Mais toutes ces difficultés ont été causées par des circonstances extérieures, plutôt que par des facteurs internes. Ainsi, la pandémie était totalement exogène. Les krachs, l’invasion de l’Ukraine par la Russie et ses effets sur les prix des produits de base et des denrées alimentaires sont totalement exogènes, de même que le resserrement des conditions financières qui a eu un impact sur le dollar. Face à autant de facteurs exogènes, l’on s’attend à un ralentissement de la croissance cette année, reflétant ces conditions difficiles. Et ce alors que les gouvernements de manière générale devront faire face à un environnement financier très difficile. Face à ces difficultés réelles, le rôle des banques s’avère plus que jamais important pour relever l’inflation.
Pour l’économiste éthiopien Abebe Aemro Selassie, Directeur du département Afrique du FMI, « Les taux d’inflation varient considérablement d’un pays à l’autre. Mais dans l’ensemble, nous constatons que le niveau d’inflation est généralement beaucoup plus élevé que ce que nous avons connu depuis de nombreuses années. Encore une fois, il y a beaucoup de différenciation. Il est donc difficile de généraliser. Mais l’expérience a montré qu’il faut beaucoup plus se concentrer sur l’inflation.

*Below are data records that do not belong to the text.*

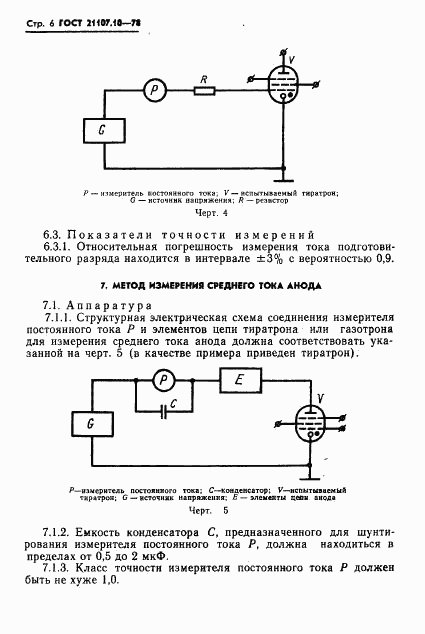 ГОСТ 21107.10-78, страница 7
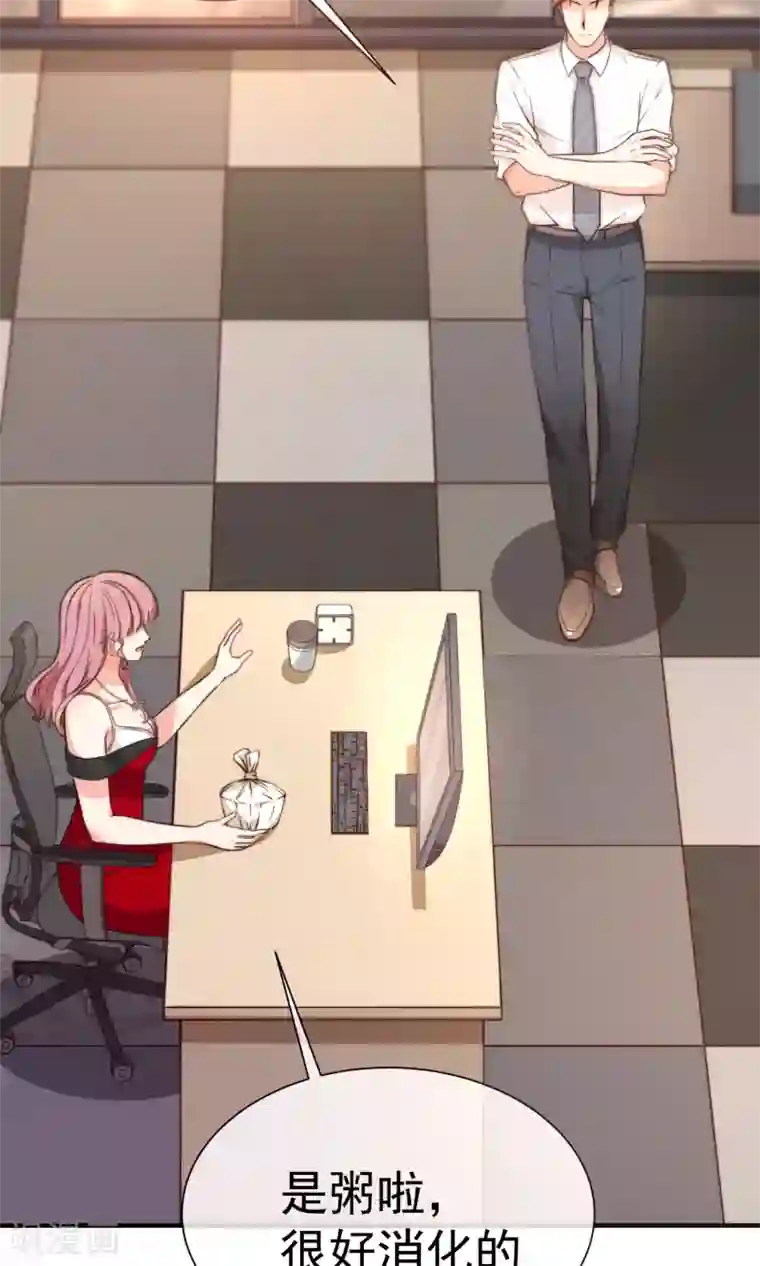 佛系男神的小妖精第13话1 不速之客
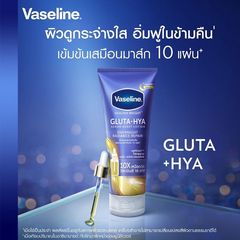 Sữa dưỡng thể Vaseline Gluta HYA Serum 10X Thái Lan 330ml xanh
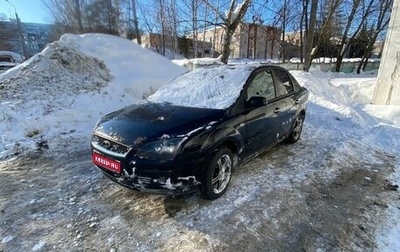 Ford Focus II рестайлинг, 2008 год, 160 000 рублей, 1 фотография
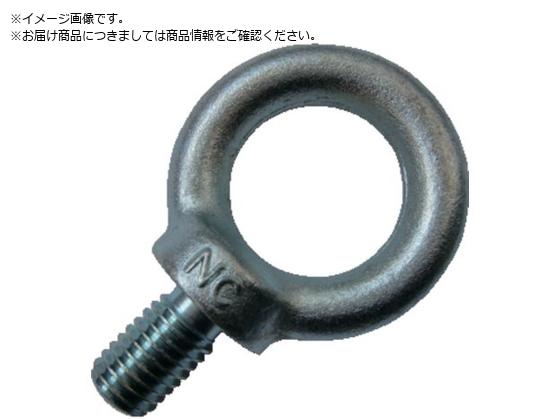 ●使用荷重（ｋＮ）：７．７４●ねじ径：Ｍ２２●鍛造品●国産品●スチール（ＳＳ４００）●表面処理：ユニクロメッキ仕上げ●危険な横吊り、引き起こし作業には使用禁止です。●アイボルト１個による垂直吊り及び２
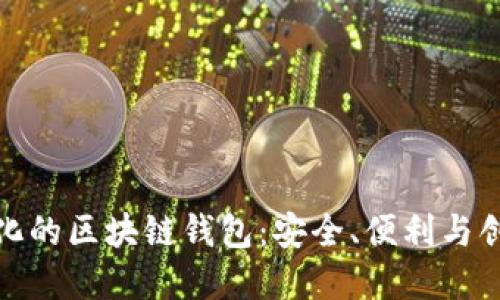 探索多样化的区块链钱包：安全、便利与创新的选择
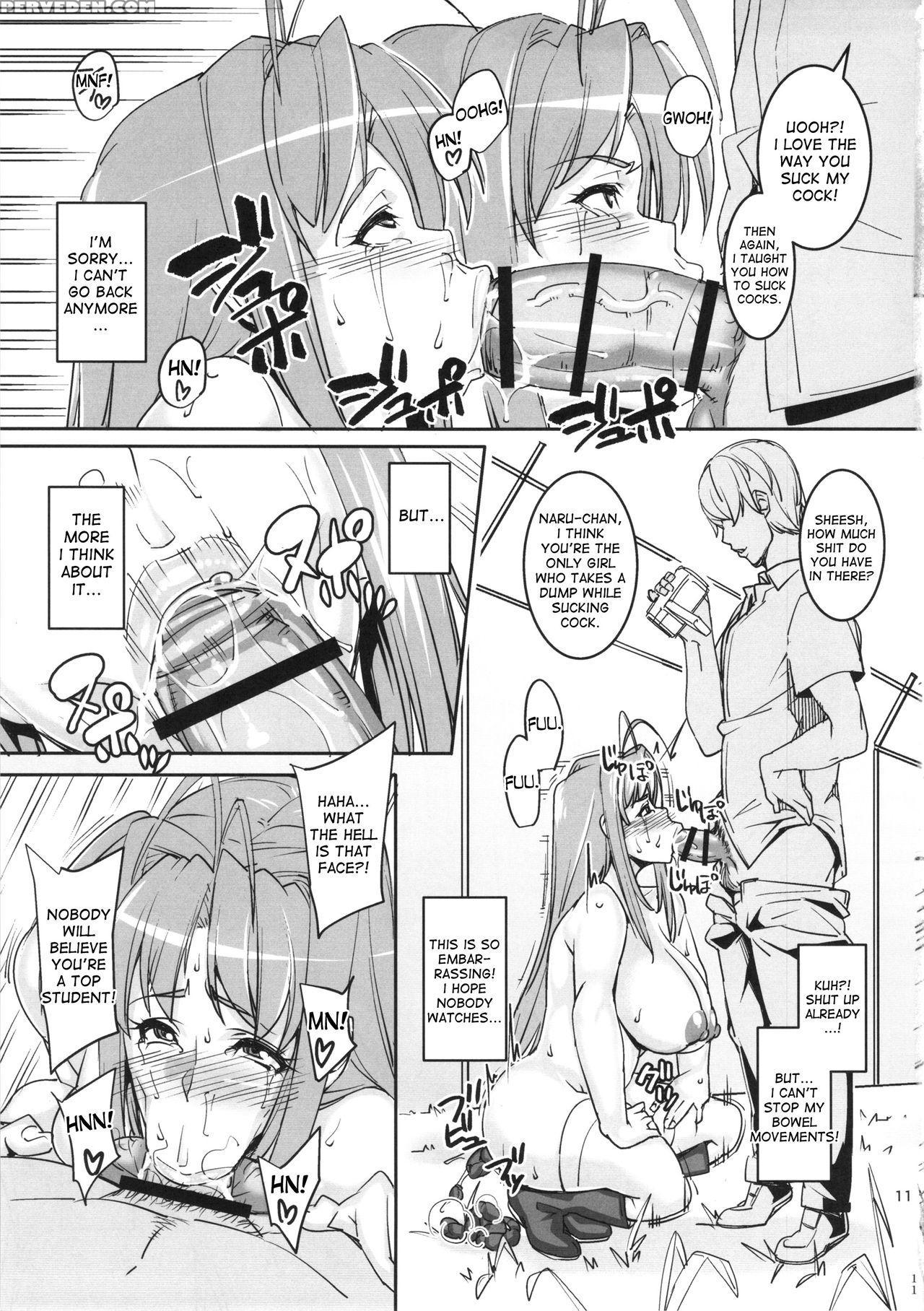 (c86) [peanutsland (otakumin)] Rare Hina 2 (love Hina) [english] [desudesu] 1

Réduire l’inflation est important. Souvent, lorsque je dis cela, les gens me demandent si ce n’est pas au prix d’une croissance plus faible ou d’un risque de croissance plus faible. Mais mon avis est le suivant : l’inflation a des effets sur le coût de la vie, particulièrement celui des pauvres. Il est préférable que la croissance à moyen terme soit compromise, plutôt que la politique monétaire soit resserrée. Il faut donc mettre davantage l’accent sur l’inflation, en augmentant les taux d’intérêt en particulier dans les pays ayant adopté un régime de ciblage de l’inflation, et en resserrant les conditions de liquidité dans les pays qui ont tendance à s’appuyer davantage sur la politique monétaire.
C’est aussi un moment très important pour permettre aux taux de change de s’ajuster, parce que pour la plupart, la raison pour laquelle le dollar se renforce est exogène. Mais les actions de politique monétaire doivent également être soutenues par des réformes fiscales, en veillant à ce que les ressources limitées dont disposent les gouvernements soient affectées à la protection des services de base, à la santé, à l’éducation et à la protection sociale, compte tenu de la difficulté des conditions actuelles. Cela est très important.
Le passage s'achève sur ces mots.